LOS ANGELES (KABC) -- A think tank has come up with a solution to Los Angeles' traffic gridlock, but it comes with a hefty price tag of $700 billion.
Los Angeles drivers spent an estimated 623 million hours sitting in traffic last year, and it's only getting worse.
Tuesday, the think tank Reason Foundation issued the results of a study that it says could greatly increase mobility. The $700 billion plan focuses on buses, tolls, tunnels and technology, and true to the foundation's libertarian roots, the plan won't pick your pocket.
"No new taxes. This can be paid for with existing revenue plus tolling," explained Baruch Feigenbaum, the author of Reason Foundation's "Mobility Plan."

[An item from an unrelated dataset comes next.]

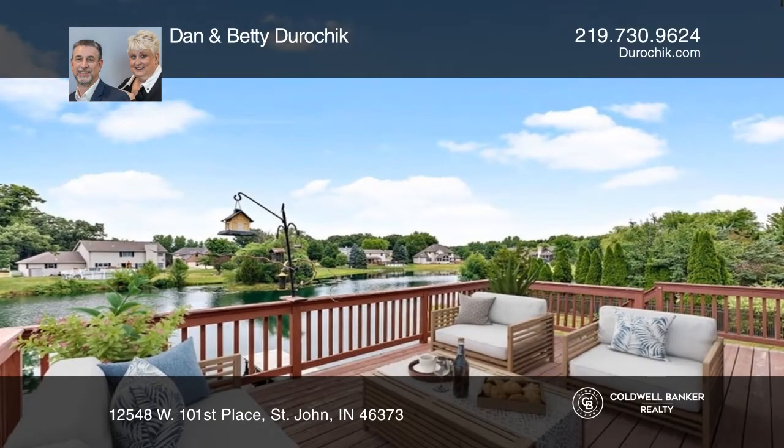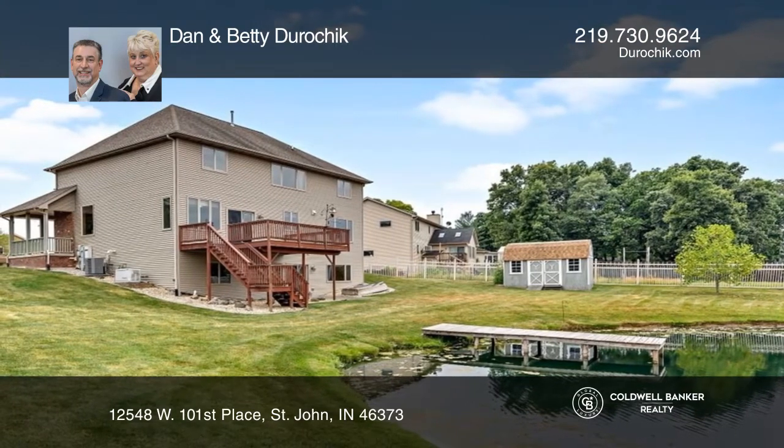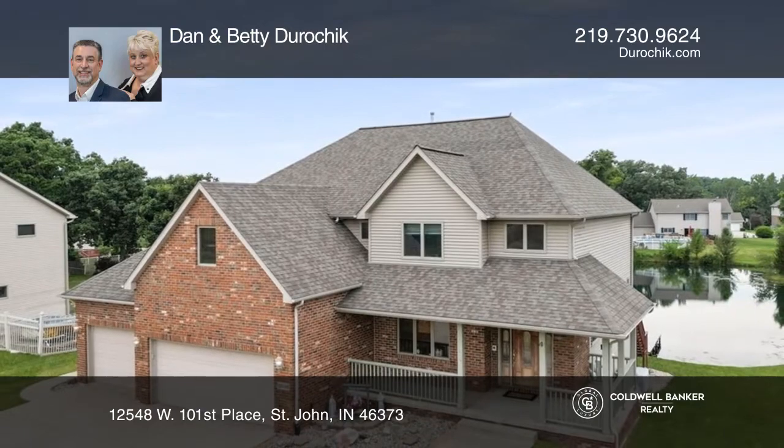A finished walkout basement offers an office with a private entry and a recreation room. Make this one-of-a-kind home yours today by calling Betty or Dan Derochik.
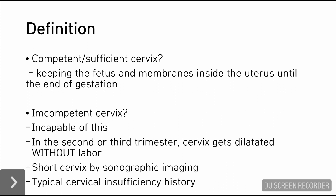But the incompetent cervix is the cervix that cannot do this. So in the second or third trimester, the cervix may get dilated without labor, meaning without uterine contraction. In sonographic imaging, the incompetent cervix can be screened because the cervix may appear shorter than normal. The short cervix is, by definition, less than 2.5 centimeters in length. The patient may present with typical cervical insufficiency history, meaning she may have lost her baby in the second or third trimester without uterine contraction, with the cervix being the only one getting dilated and letting the fetus or membrane out.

The plan gives Los Angeles express lanes, tolled expressways and tunnels, miles and miles of tunnels, toll lanes just for trucks, expanded bus corridors and pretty much gives us a new map of L.A.
"It really is a combination of using tolling to offer people a choice to improve mobility, putting in a few tunnels around Los Angeles," Feigenbaum said.
The plan is heavy on bus service and does not add any more light rail. Among the 25-year mega projects, it extends the 710 Freeway with a tunnel, plus a tunnel downtown and across the valley. So how realistic is this?
"We tried to make it as realistic as possible. We had some other projects. We had a seventh tunnel in there. I looked at it and I said that this one is definitely not realistic," Feigenbaum said. "So, only six tunnels."
Like all new ideas, some of these may sound a little outside the lines. But freeways may have sounded outside the lines when they were first built 85 years ago.